HErmes.fitting package

HErmes.fitting.fit module

Provide routines for fitting charge histograms

HErmes.fitting.fit.fit_model(charges, model, startparams=None, rej_outliers=False, nbins=200, silent=False, parameter_text=(('$\\mu_{{SPE}}$& {:4.2e}\\\\', 5), ), use_minuit=False, normalize=True, **kwargs)[source]

Standardazied fitting routine.

Parameters:
  • charges (np.ndarray) – Charges obtained in a measurement (no histogram)
  • model (pyosci.fit.Model) – A model to fit to the data
  • startparams (tuple) – initial parameters to model, or None for first guess
Keyword Arguments:
 
  • rej_outliers (bool) – Remove extreme outliers from data
  • nbins (int) – Number of bins
  • parameter_text (tuple) – will be passed to model.plot_result
  • use_miniuit (bool) – use minuit to minimize startparams for best chi2
  • normalize (bool) – normalize data before fitting
  • silent (bool) – silence output
Returns:

tuple

HErmes.fitting.fit.reject_outliers(data, m=2)[source]

A simple way to remove extreme outliers from data

Parameters:
  • data (np.ndarray) – data with outliers
  • m (int) – number of standard deviations outside the data should be discarded
Returns:

np.ndarray

HErmes.fitting.functions module

Provide mathematical functions which can be used to create models. The functions have to be always in the form f(x, *parameters) where the paramters will be fitted and x are the input values.

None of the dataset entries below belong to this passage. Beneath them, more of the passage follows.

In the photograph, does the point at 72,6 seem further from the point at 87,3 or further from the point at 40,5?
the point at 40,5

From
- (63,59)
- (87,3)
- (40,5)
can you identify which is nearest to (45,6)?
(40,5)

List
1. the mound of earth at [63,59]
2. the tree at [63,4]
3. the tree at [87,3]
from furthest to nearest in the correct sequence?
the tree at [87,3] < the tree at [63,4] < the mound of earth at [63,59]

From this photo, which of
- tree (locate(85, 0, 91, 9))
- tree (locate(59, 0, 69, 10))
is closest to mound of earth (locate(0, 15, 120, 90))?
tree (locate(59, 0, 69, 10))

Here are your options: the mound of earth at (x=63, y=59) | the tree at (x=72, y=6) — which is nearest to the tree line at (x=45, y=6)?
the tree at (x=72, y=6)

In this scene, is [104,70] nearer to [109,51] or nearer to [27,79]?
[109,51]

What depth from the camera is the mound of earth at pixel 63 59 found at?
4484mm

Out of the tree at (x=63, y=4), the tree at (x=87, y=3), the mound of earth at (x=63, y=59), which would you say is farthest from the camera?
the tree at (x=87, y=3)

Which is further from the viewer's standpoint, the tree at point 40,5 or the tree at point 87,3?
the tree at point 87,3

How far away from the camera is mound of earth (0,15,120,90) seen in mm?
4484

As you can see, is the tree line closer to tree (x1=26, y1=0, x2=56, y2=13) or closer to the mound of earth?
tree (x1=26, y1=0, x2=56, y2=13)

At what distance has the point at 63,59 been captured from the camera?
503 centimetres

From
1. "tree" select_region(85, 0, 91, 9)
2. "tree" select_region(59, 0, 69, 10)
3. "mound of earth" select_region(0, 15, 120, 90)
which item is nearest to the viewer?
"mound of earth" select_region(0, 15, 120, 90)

HErmes.fitting.functions.calculate_chi_square(data, model_data)[source]

Very simple estimator for goodness-of-fit. Use with care. Non normalized bin counts are required.

Parameters:
  • data (np.ndarray) – observed data (bincounts)
  • model_data (np.ndarray) – model predictions for each bin
Returns:

np.ndarray

HErmes.fitting.functions.calculate_reduced_chi_square(data, model_data, sigma)[source]

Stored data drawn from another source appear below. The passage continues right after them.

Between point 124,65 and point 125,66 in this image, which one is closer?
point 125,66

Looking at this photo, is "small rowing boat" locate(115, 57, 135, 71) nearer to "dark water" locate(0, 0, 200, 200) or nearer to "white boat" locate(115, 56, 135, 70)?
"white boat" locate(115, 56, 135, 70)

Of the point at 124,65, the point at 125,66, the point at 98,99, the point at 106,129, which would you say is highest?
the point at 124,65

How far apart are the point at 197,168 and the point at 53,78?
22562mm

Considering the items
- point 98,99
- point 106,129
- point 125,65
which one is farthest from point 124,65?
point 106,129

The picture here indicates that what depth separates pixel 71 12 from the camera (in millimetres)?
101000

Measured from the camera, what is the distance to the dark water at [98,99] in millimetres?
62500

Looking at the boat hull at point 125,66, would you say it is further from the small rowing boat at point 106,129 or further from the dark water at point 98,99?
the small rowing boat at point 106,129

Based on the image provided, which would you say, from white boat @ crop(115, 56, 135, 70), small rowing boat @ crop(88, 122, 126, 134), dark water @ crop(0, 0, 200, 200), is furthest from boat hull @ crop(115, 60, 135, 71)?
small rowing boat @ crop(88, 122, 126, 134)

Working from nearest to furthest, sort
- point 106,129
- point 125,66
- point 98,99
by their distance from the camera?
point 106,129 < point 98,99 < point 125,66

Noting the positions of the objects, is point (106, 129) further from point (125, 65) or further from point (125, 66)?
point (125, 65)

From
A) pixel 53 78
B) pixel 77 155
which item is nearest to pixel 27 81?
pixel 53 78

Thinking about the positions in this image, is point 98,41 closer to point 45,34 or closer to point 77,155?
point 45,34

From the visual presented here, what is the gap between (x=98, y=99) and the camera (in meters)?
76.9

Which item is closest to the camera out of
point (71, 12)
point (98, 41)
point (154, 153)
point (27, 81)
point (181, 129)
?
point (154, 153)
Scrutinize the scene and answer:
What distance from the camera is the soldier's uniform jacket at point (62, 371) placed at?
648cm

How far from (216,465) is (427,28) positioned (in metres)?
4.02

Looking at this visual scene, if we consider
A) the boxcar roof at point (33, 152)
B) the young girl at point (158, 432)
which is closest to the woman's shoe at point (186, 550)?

Very simple estimator for goodness-of-fit. Use with care.

Parameters:
  • data (np.ndarray) – observed data
  • model_data (np.ndarray) – model predictions
  • sigma (np.ndarray) – associated errors

Returns:

HErmes.fitting.functions.calculate_sigma_from_amp(amp)[source]

Get the sigma for the gauss from its peak value. Gauss is normed

Parameters:amp (float) –
Returns:float
HErmes.fitting.functions.exponential(x, lmbda)[source]

An exponential model, e.g. for a decay with coefficent lmbda.

Parameters:
  • x (float) – input
  • lmbda (float) – The exponent of the exponential
Returns:

np.ndarray

HErmes.fitting.functions.fwhm_gauss(x, mu, fwhm, amp)[source]

A gaussian typically used for energy spectra fits of radiotion, where resolutions/linewidths are typically given in full widht half maximum (fwhm)

Parameters:
  • x (float) – input
  • mu (float) – peak position
  • fwhm (float) – full width half maximum
  • amp (float) – amplitude
Returns:

function value

Return type:

float

HErmes.fitting.functions.gauss(x, mu, sigma)[source]

Returns a normed gaussian.

Parameters:
  • x (np.ndarray) – x values
  • mu (float) – Gauss mu
  • sigma (float) – Gauss sigma
  • n

Returns:

HErmes.fitting.functions.n_gauss(x, mu, sigma, n)[source]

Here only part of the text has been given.